III. Motion for a New Trial.

Mobley’s motion for a new trial is without foundation. Insofar as the motion requests me to “reconsider and vacate the dismissal without prejudice, entered in December 1993, in ease # 93-F-126,” (Pl.’s Mot. New Trial at first page), that case was previously dismissed and is not before me.

Insofar as the motion requests a “new trial” on the merits of the instant cáse, there has been no trial to date. When Plaintiffs attention was drawn to this fact at the time of oral argument, he requested that the case simply proceed to trial on the merits. However, in light of my decision above to dismiss the case pursuant to Rule 41(b), this request is now moot.

IT IS ORDERED THAT Defendants’ Motion to Dismiss is GRANTED WITH PREJUDICE;

IT IS FURTHER ORDERED THAT Plaintiffs’ Motion for New Trial is DENIED.

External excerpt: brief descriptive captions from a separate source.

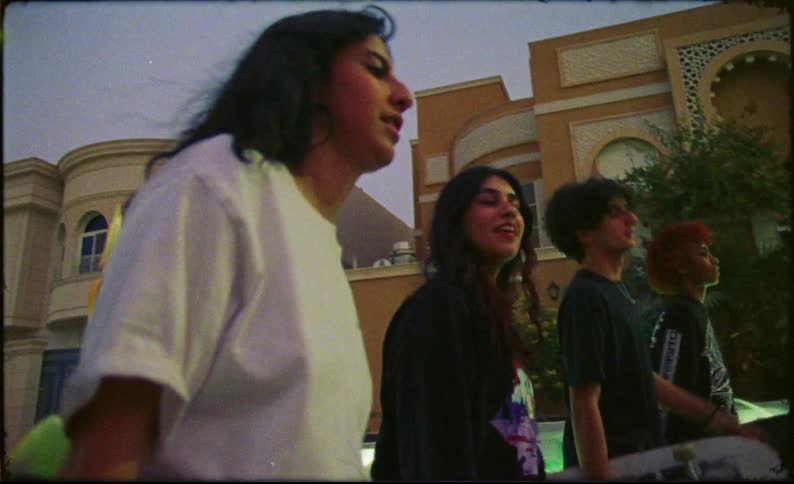 A group of 4 teenagers with skate boards run down a city road at sunset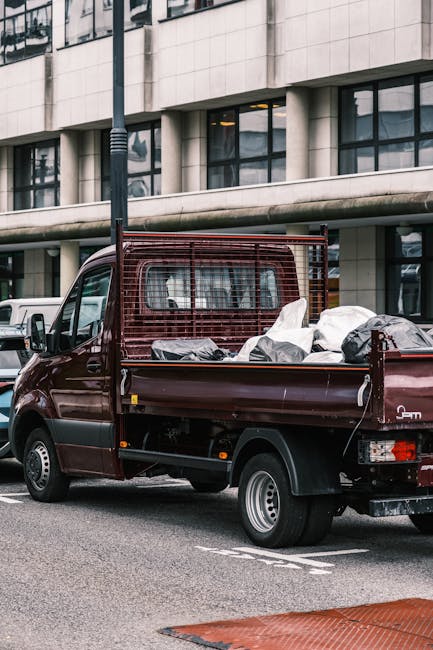 A small burgundy flatbed truck parked on a city street in front of a modern building with large glass windows and concrete exterior walls. The truck's open cargo area is filled with various types of w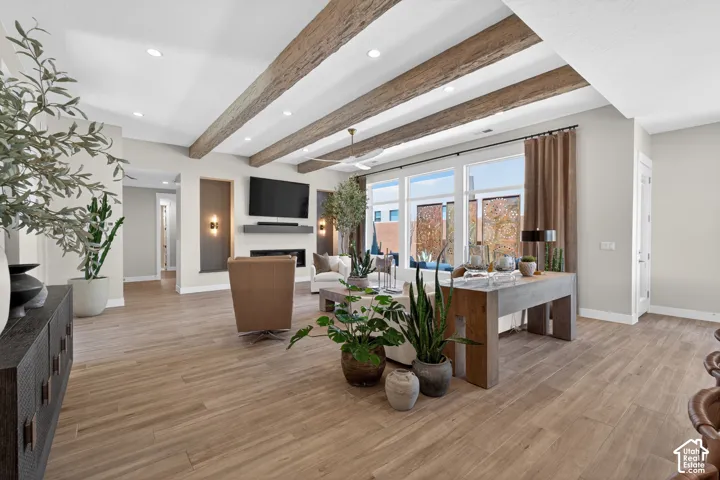 Spacious living area featuring wood-finish flooring, exposed ceiling beams, recessed lighting, and a modern fireplace with integrated shelving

. In its motion to dismiss and in a separate document submitted at the time of oral argument, Defendants detail the numerous extensions of time granted to Mobley to prepare a joint stipulation and discovery order; Mobley’s failure to comply with at least three court orders and failure to appear at two court proceedings; and six occasions on which Defendants have moved against Mobley for procedural violations. In the course of oral argument, Mobley attempted to explain some of his delays with regard to the joint stipulation and his failure to comply with court orders regarding the production of certain documents. The overwhelming impression, however, is that on numerous occasions Mobley has flouted this court’s authority and ignored its warnings.